If you are a beginner in bodyweight workouts, I would recommend you start basic lunge and work your way up to lunge jumps.
13. High knees
These high knee bodyweight exercises help you to improve your lower body strength.
High knees are a high-step drill exercise, and remember to pump your arms to get your knees at more height.
14. Butterfly Sit-ups
This butterfly situp exercise will help you to get abs and burn fat from your stomach.
To perform this exercise, you have to sit with the soles of your feet together and close to the ground. Remember to bring your torso up as tall as you can.
You have to touch the ground in front of your feet at the top of each rep.
15. V-Up
The V-Up exercise will help to increase the strength of your core body.
To perform this exercise, you have to lie down on the floor with arms extended overhead and legs straight in front of you.
Tuck your chin to your chest and up your upper body off the floor while raising your legs. Make sure your body will be in a V shape in the top position.
Then slowly down your torso and arms before you do the next rep.
Bodyweight Exercises FAQ
Is it okay to do bodyweight exercises every day?

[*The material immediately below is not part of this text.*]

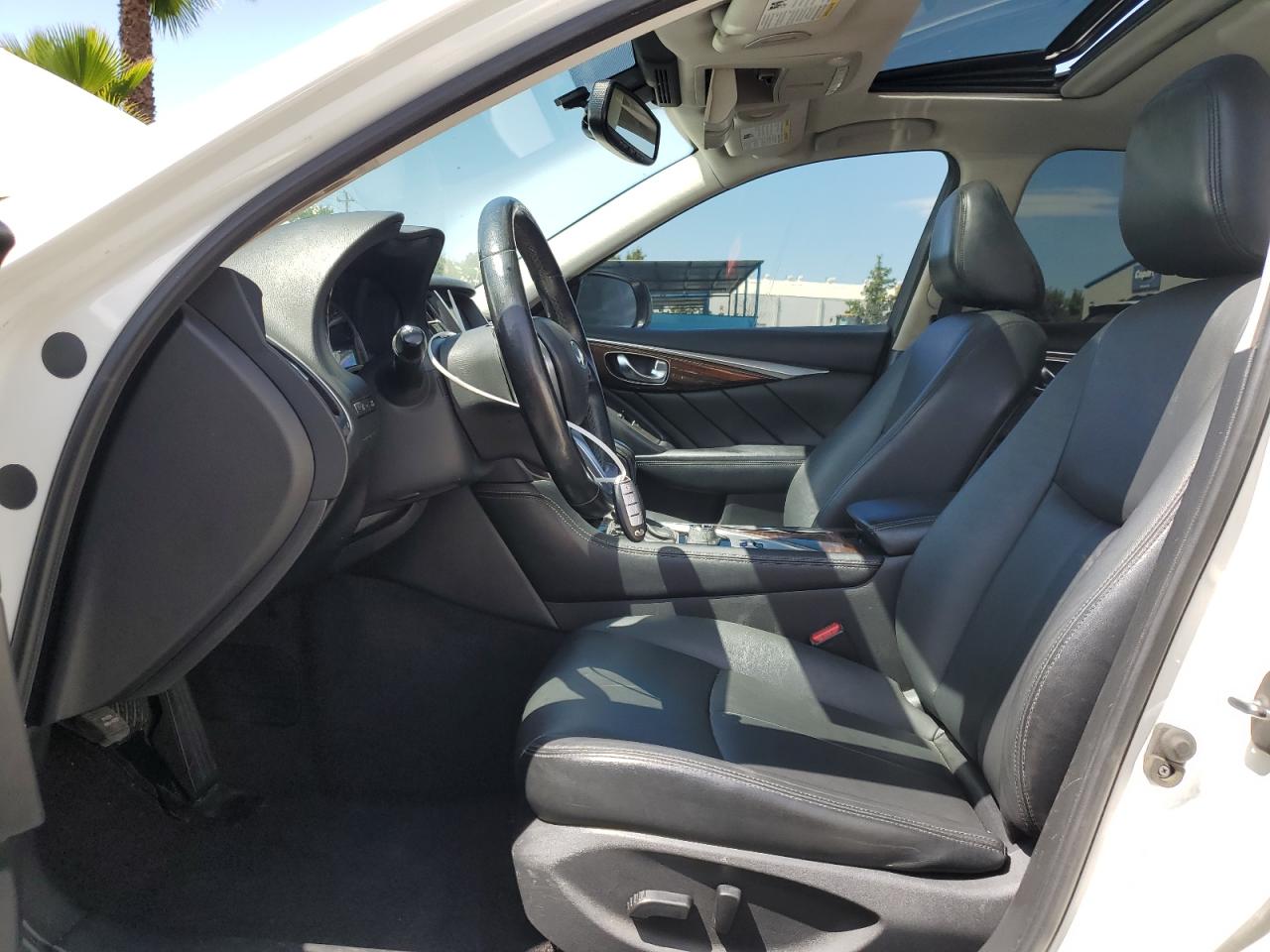 2018 Infiniti Q50 Luxe VIN: JN1EV7AP2JM366700 Lot: 70260855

Yes, it is okay to do body-weight exercises every day. However, if you want to train your body and can’t go to the gym, weight training is the best alternative. It does not require any external weights, and you can also do these exercises at home.
Are bodyweight exercises effective for losing weight?
Is switching from weights to bodyweight exercises good? Yes, you can lose weight by doing bodyweight exercises. In addition, bodyweight exercises don’t need expensive equipment, and you can also do these exercises at home.